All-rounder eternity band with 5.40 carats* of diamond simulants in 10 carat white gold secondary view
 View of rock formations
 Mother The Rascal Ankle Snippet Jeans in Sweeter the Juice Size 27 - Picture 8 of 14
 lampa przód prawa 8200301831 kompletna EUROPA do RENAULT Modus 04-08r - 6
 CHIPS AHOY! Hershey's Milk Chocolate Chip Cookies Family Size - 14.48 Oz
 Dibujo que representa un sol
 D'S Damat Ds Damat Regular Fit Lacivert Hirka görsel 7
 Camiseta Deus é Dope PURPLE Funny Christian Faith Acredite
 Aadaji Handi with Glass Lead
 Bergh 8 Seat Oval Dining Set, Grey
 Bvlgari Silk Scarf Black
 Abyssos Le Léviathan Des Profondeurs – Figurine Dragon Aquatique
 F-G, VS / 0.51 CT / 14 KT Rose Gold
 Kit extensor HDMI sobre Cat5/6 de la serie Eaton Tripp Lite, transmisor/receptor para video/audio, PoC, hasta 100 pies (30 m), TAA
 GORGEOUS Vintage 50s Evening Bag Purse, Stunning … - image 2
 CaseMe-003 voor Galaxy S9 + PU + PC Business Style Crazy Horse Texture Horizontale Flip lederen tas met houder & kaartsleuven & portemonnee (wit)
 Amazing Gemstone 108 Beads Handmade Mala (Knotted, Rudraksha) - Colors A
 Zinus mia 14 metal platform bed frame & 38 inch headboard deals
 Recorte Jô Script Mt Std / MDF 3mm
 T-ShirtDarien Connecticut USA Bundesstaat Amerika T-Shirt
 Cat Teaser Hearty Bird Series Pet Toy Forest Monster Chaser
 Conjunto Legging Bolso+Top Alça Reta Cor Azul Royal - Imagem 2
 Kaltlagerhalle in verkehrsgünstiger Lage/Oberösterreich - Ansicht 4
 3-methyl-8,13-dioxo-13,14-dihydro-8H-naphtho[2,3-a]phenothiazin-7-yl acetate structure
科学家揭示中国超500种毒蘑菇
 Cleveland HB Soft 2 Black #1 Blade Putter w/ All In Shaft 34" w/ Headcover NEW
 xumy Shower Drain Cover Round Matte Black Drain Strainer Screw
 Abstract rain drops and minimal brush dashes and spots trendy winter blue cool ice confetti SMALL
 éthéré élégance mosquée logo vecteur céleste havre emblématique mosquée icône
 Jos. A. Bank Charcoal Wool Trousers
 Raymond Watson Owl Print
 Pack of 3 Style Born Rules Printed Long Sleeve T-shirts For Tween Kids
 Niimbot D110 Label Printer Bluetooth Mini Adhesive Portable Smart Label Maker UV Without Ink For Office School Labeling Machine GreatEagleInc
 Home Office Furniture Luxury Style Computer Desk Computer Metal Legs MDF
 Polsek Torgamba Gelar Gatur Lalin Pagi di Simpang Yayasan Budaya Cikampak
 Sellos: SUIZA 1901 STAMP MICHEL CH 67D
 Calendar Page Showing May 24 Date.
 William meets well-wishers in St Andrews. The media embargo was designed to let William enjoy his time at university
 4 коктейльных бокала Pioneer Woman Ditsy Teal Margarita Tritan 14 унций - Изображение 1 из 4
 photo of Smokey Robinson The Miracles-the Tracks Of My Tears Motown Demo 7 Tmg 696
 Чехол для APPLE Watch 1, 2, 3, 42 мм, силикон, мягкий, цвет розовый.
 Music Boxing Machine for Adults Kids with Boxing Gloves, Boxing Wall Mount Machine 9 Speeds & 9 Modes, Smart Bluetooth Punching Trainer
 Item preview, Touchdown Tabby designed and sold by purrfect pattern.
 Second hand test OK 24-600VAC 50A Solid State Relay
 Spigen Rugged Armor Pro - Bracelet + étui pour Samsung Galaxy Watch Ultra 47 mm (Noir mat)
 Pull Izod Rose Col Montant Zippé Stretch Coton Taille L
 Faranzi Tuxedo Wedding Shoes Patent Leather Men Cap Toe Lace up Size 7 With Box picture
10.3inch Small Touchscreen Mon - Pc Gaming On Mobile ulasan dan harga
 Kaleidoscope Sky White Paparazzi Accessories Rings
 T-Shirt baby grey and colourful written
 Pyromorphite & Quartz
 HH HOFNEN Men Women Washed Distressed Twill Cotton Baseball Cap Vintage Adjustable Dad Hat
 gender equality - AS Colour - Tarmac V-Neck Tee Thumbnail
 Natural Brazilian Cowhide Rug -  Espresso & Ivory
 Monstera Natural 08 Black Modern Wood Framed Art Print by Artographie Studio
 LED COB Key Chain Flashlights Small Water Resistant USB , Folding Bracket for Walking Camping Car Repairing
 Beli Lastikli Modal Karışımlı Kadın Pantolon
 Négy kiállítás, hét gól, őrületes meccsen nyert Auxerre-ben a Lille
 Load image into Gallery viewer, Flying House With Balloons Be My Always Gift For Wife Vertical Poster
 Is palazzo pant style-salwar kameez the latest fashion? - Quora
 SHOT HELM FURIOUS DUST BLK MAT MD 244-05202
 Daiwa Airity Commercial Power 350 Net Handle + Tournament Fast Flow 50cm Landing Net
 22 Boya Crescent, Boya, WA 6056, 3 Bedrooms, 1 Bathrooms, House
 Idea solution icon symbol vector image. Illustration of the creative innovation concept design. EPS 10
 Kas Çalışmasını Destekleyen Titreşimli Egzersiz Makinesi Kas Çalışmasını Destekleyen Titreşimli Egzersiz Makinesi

-----

◆ **Exercise aim**:
Give only the lines from the one holding "CaseMe-003 voor Galaxy" through the one holding "William meets well-wishers", each restated exactly as it appears above.

◆ **Task response**:
 CaseMe-003 voor Galaxy S9 + PU + PC Business Style Crazy Horse Texture Horizontale Flip lederen tas met houder & kaartsleuven & portemonnee (wit)
 Amazing Gemstone 108 Beads Handmade Mala (Knotted, Rudraksha) - Colors A
 Zinus mia 14 metal platform bed frame & 38 inch headboard deals
 Recorte Jô Script Mt Std / MDF 3mm
 T-ShirtDarien Connecticut USA Bundesstaat Amerika T-Shirt
 Cat Teaser Hearty Bird Series Pet Toy Forest Monster Chaser
 Conjunto Legging Bolso+Top Alça Reta Cor Azul Royal - Imagem 2
 Kaltlagerhalle in verkehrsgünstiger Lage/Oberösterreich - Ansicht 4
 3-methyl-8,13-dioxo-13,14-dihydro-8H-naphtho[2,3-a]phenothiazin-7-yl acetate structure
科学家揭示中国超500种毒蘑菇
 Cleveland HB Soft 2 Black #1 Blade Putter w/ All In Shaft 34" w/ Headcover NEW
 xumy Shower Drain Cover Round Matte Black Drain Strainer Screw
 Abstract rain drops and minimal brush dashes and spots trendy winter blue cool ice confetti SMALL
 éthéré élégance mosquée logo vecteur céleste havre emblématique mosquée icône
 Jos. A. Bank Charcoal Wool Trousers
 Raymond Watson Owl Print
 Pack of 3 Style Born Rules Printed Long Sleeve T-shirts For Tween Kids
 Niimbot D110 Label Printer Bluetooth Mini Adhesive Portable Smart Label Maker UV Without Ink For Office School Labeling Machine GreatEagleInc
 Home Office Furniture Luxury Style Computer Desk Computer Metal Legs MDF
 Polsek Torgamba Gelar Gatur Lalin Pagi di Simpang Yayasan Budaya Cikampak
 Sellos: SUIZA 1901 STAMP MICHEL CH 67D
 Calendar Page Showing May 24 Date.
 William meets well-wishers in St Andrews. The media embargo was designed to let William enjoy his time at university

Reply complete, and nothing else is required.